This former Hudson River ferry was recently renovated by Nichols Brothers Boat Builders and now shuttles commuters across Puget Sound. The Freeland shipyard will be building two new similar ferries for Kitsap County’s system. (Photo provided)

This former Hudson River ferry was recently renovated by Nichols Brothers Boat Builders and now shuttles commuters across Puget Sound. The Freeland shipyard will be building two new similar ferries for Kitsap County’s system. (Photo provided)

Nichols Bros. awarded foot ferry contract

‘Fast cats’ will carry commuters across Puget Sound

Nichols Brothers Boat Builders was awarded a $23-million contract by Kitsap County to construct two fast ferries that will shuttle walk-on commuters across Puget Sound.

The Kitsap Transit board authorized the selection of the Freeland shipyard for the design and construction of two bow-loading passenger-only vessels to add to its new fast-ferry system consisting of three routes.

“Nichols Brothers provided the most complete, competitive proposal for Kitsap Transit’s bow loaders that could meet our speed requirements,” said Sanjay Bhatt, Kitsap Transit public information officer.

The deal was finalized Thursday, said company president Matt Nichols.

In 2016, Kitsap County voters approved a ballot proposition for a dedicated sales tax to support Kitsap Transit’s plan for foot ferry service to downtown Seattle from Bremerton, Kingston and Southworth.

Nichols Brothers also just completed a $5.4-million refurbishment of a New York City passenger ferry, M/V Finest, for Kitsap County. The Finest was part of a fleet of ferries and water taxis that evacuated hundreds of thousands of people from Lower Manhattan during the Sept. 11, 2001 terrorist attacks.

Its new life began the morning of Nov. 26 when it left the Port of Kingston and arrived in downtown Seattle about 40 minutes later.

All the ferry vessels are double-hulled catamarans that are speedy and designed to easily maneuver in and out of ferry docks. The low bow allows passengers and bicyclists to easily board.

The boats are 130-feet in length, 34-feet wide and can cruise at 38 knots. They have only one deck and 250 passengers fit in the elongated cabin.

“The seats are like on an aircraft,” Nichols said. “Snug.”

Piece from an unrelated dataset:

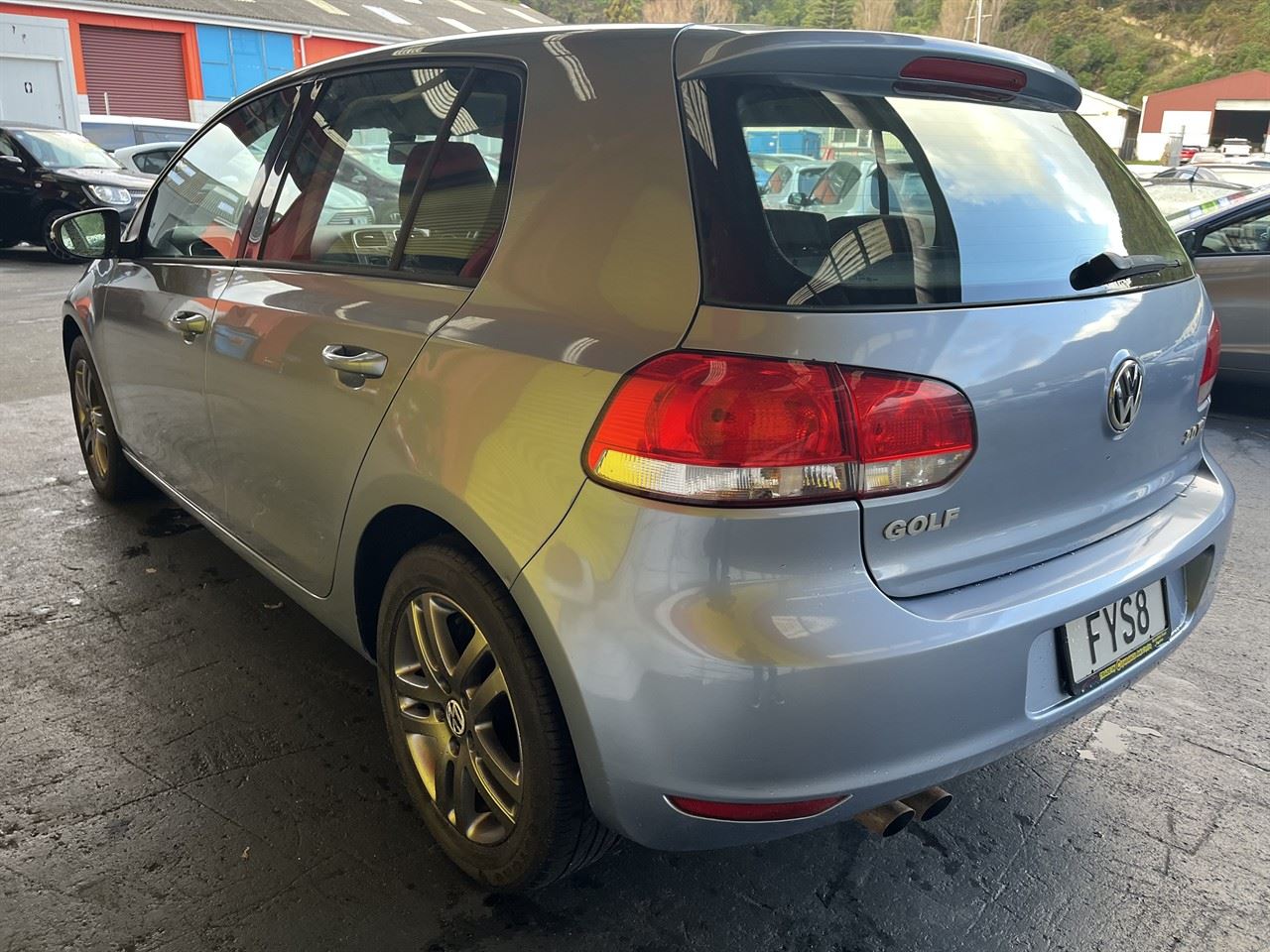 Vehicle image 4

In 2016, Kitsap County voters approved a ballot proposition for a dedicated sales tax to support Kitsap Transit’s plan for passenger-only ferry service to downtown Seattle from Bremerton, Kingston and Southworth.

The service was launched in July 2017 with a Bremerton/Seattle route.

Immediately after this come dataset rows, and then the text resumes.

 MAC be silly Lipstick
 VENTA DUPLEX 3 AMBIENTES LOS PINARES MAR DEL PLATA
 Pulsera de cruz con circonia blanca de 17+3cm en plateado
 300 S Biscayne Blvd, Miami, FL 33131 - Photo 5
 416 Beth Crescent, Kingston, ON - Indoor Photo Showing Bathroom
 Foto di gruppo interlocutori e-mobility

Work on one of the Kitsap ferries is expected to begin at Nichols Brothers shipyard in January with delivery in 2020.

The brand new ferries will be used to operate the Kingston-Seattle and Southworth-Seattle ferry routes.

In the mid-2000s, Nichols co-owned a company called the AquaExpress that connected Kitsap County to the other side of Puget Sound via a small, high-speed ferry.

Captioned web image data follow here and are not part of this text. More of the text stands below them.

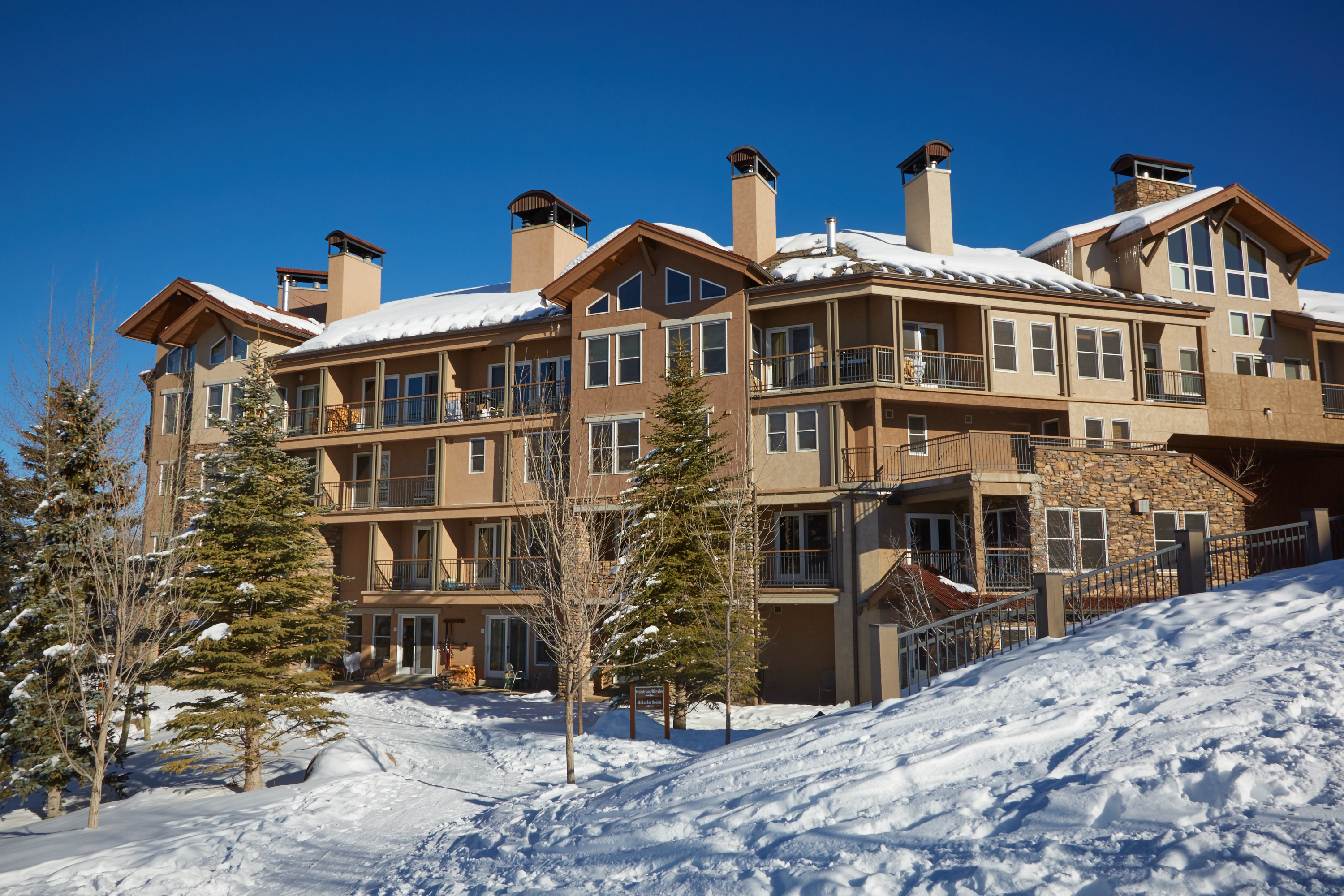 woodrun place on snowmass mountain photo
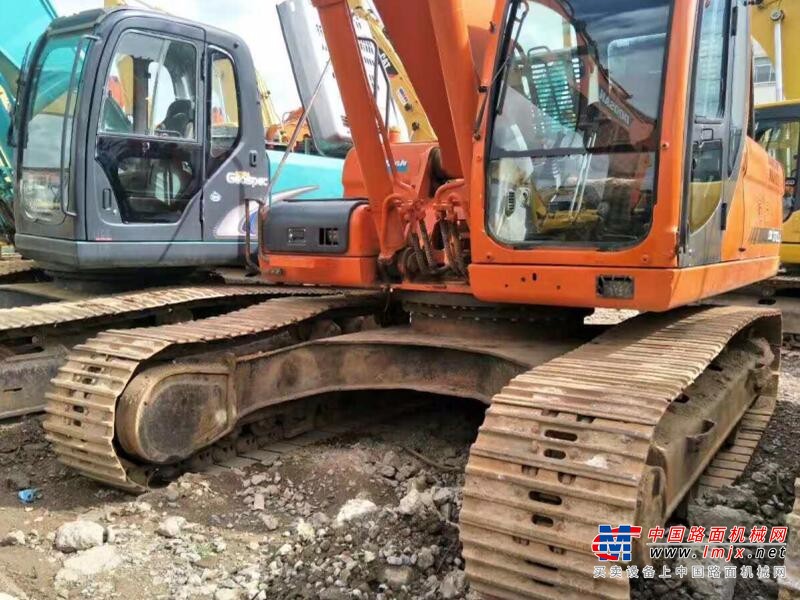 大同市出售转让二手斗山土方机械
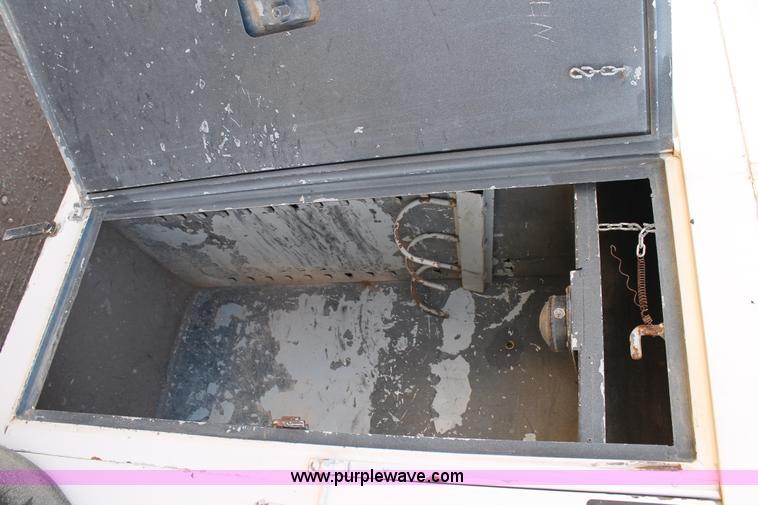 image for item L4267 1995 International 4800 bucket truck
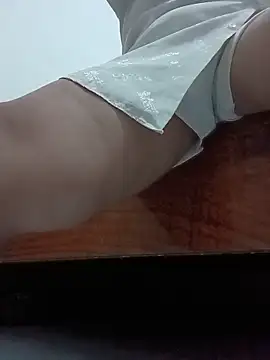 Mei iu online show from 05/15/26, 03:43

“We started that whole run,” he said, “but fuel prices went up and we couldn’t sustain it.”

Back then, people weren’t so gung-ho about trying mass transit, and it suffered from low ridership.

But that’s changing. Fast.

High-speed passenger-only ferries have become more popular in many coastal cities as vehicle gasoline prices rise, and highways become more clogged. Ridership on new passenger ferry fleets in San Francisco and New York City have far exceeded expectations.

Nichols predicts the demand for the “fast cats” could keep his crews busy for years to come.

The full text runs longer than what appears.